▶ WHAT THIS TASK INVOLVES:
Repeat only what runs from the line with "Indoor Hydrangeas" through the last line of the data below, both included, keeping every word as it is and leaving out the pictures.

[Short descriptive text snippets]
◆ ◆ ◆ ◆
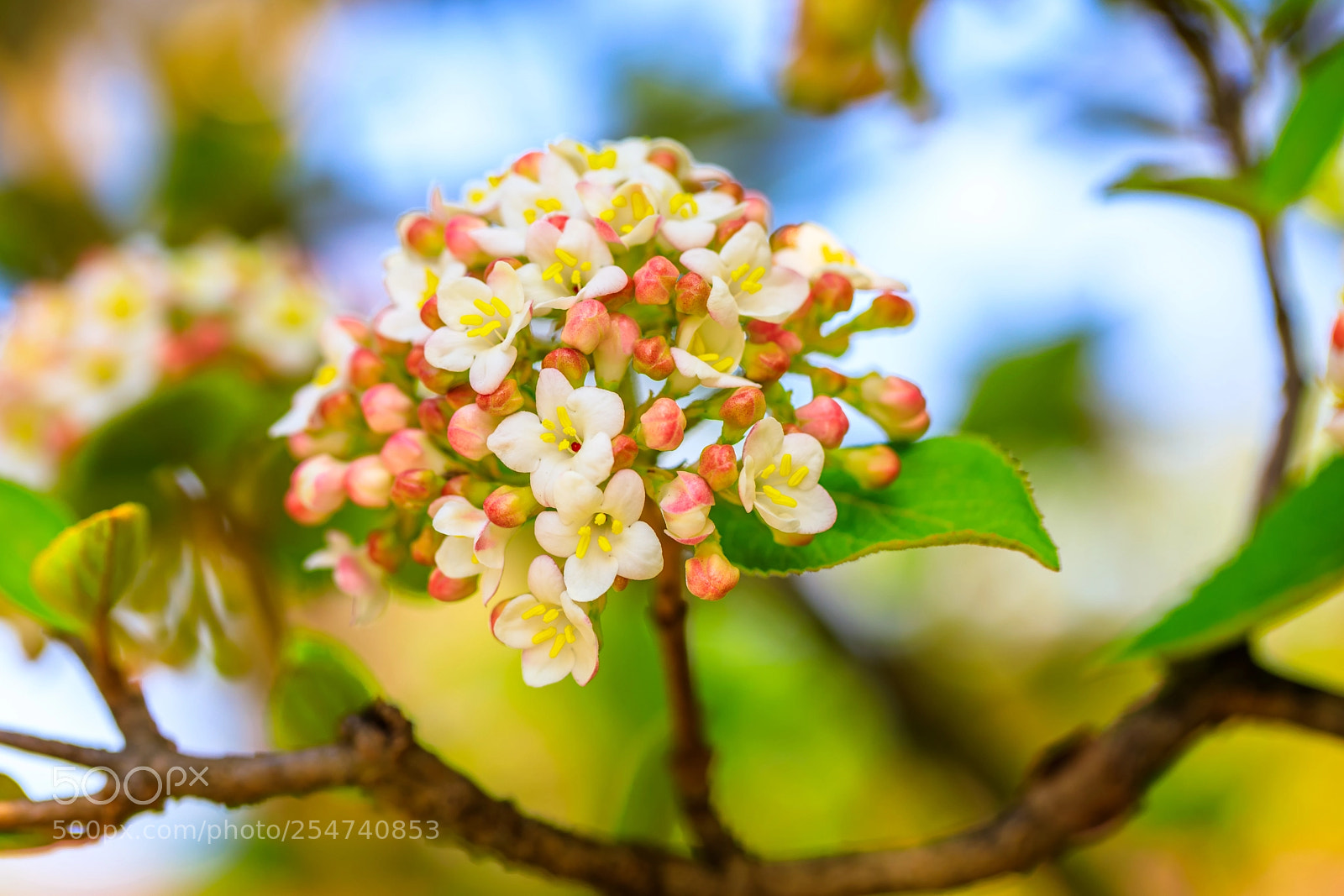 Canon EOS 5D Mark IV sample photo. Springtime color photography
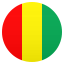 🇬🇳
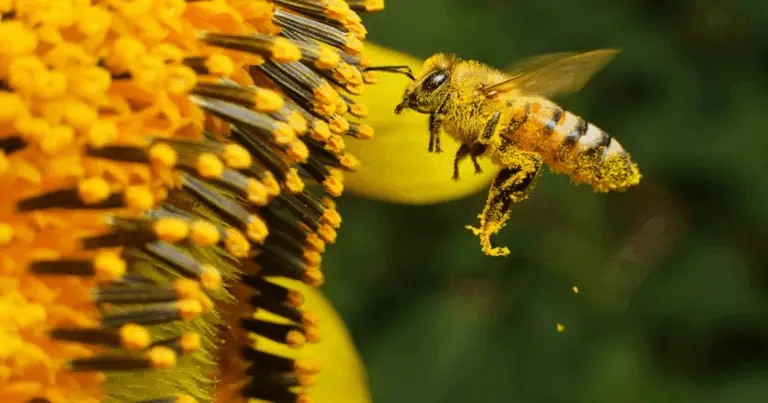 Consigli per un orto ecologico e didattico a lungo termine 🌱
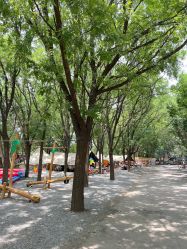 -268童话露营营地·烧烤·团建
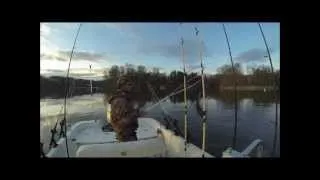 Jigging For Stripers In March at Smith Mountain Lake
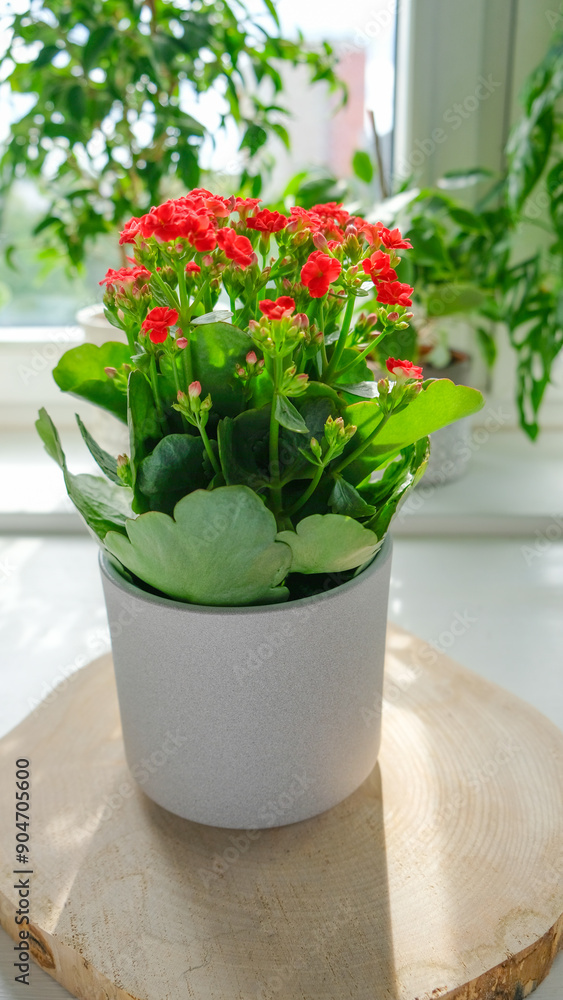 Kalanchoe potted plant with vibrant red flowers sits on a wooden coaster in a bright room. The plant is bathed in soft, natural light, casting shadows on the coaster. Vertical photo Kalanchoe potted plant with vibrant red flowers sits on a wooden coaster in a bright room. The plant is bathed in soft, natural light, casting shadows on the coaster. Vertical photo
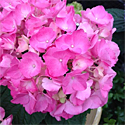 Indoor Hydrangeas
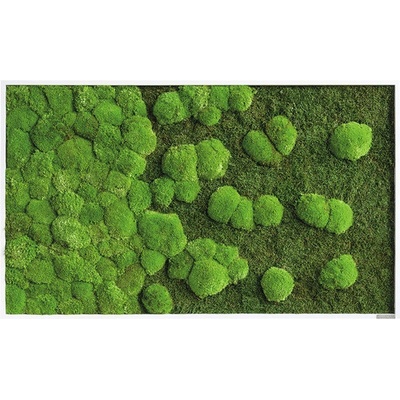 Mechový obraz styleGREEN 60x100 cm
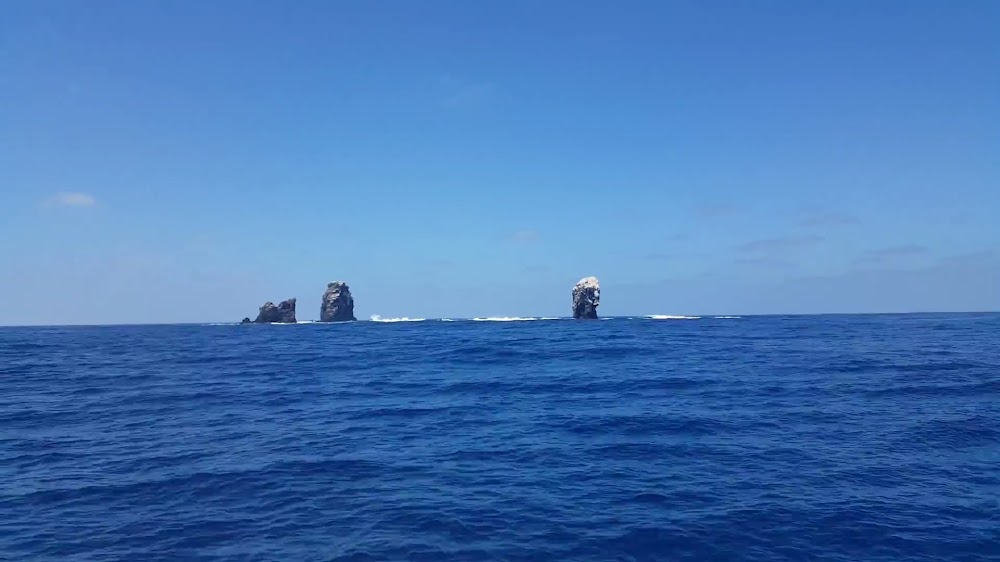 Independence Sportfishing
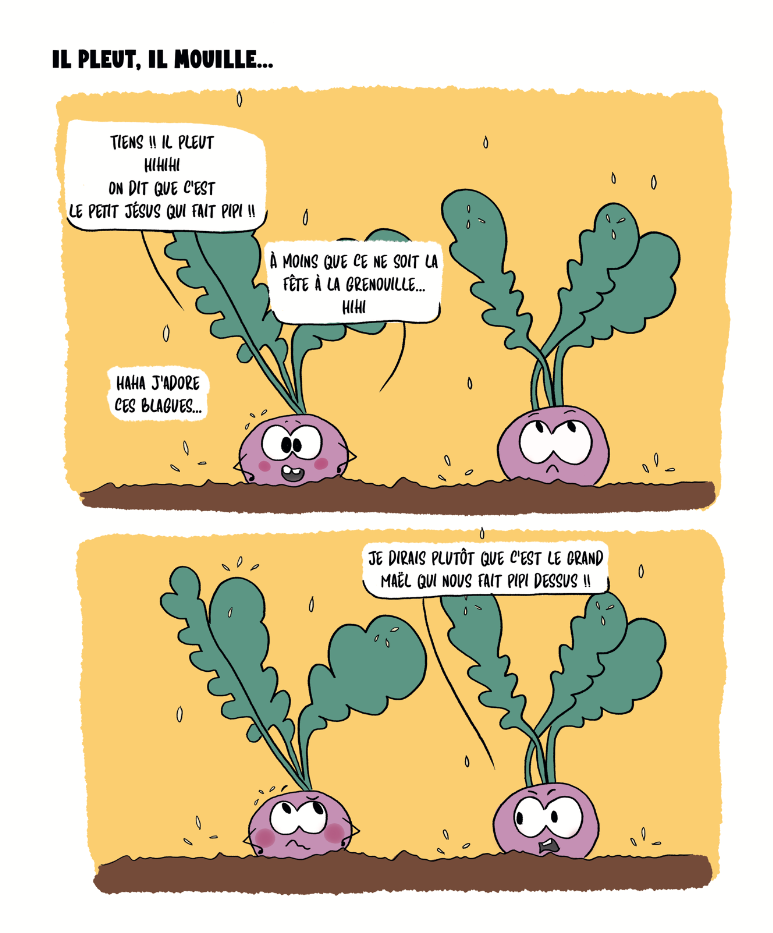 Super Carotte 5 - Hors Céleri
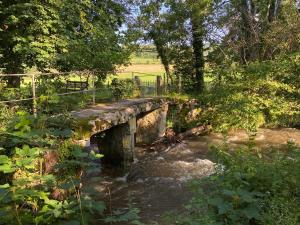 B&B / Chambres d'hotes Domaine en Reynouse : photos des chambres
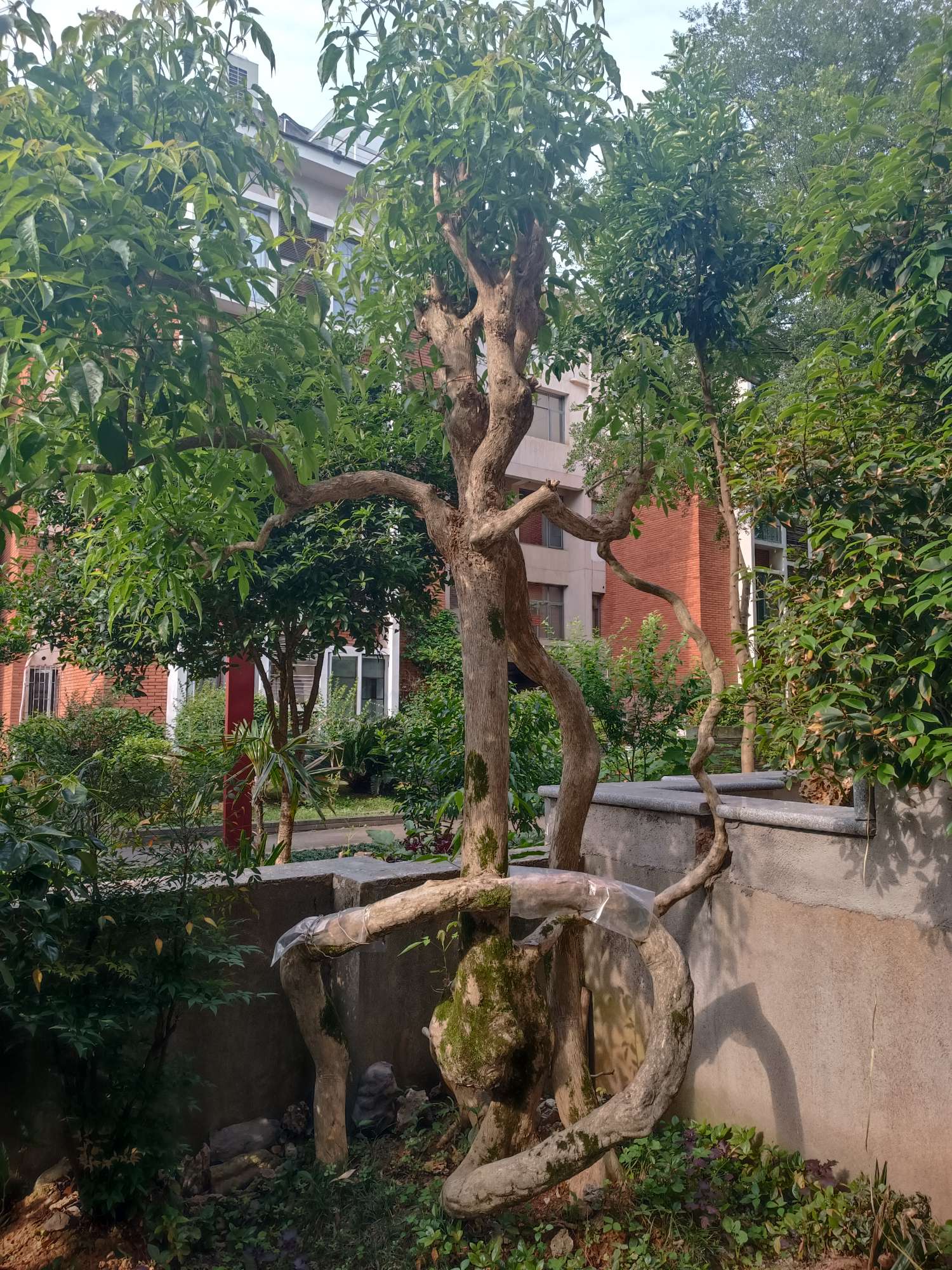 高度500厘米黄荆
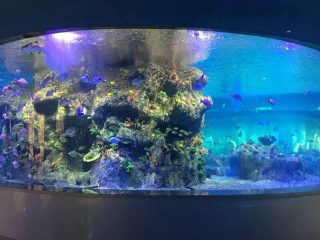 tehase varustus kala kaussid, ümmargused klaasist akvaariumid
◆ ◆ ◆ ◆
▶ ANSWER SPACE:
 Indoor Hydrangeas
 Mechový obraz styleGREEN 60x100 cm
 Independence Sportfishing
 Super Carotte 5 - Hors Céleri
 B&B / Chambres d'hotes Domaine en Reynouse : photos des chambres
 高度500厘米黄荆
 tehase varustus kala kaussid, ümmargused klaasist akvaariumid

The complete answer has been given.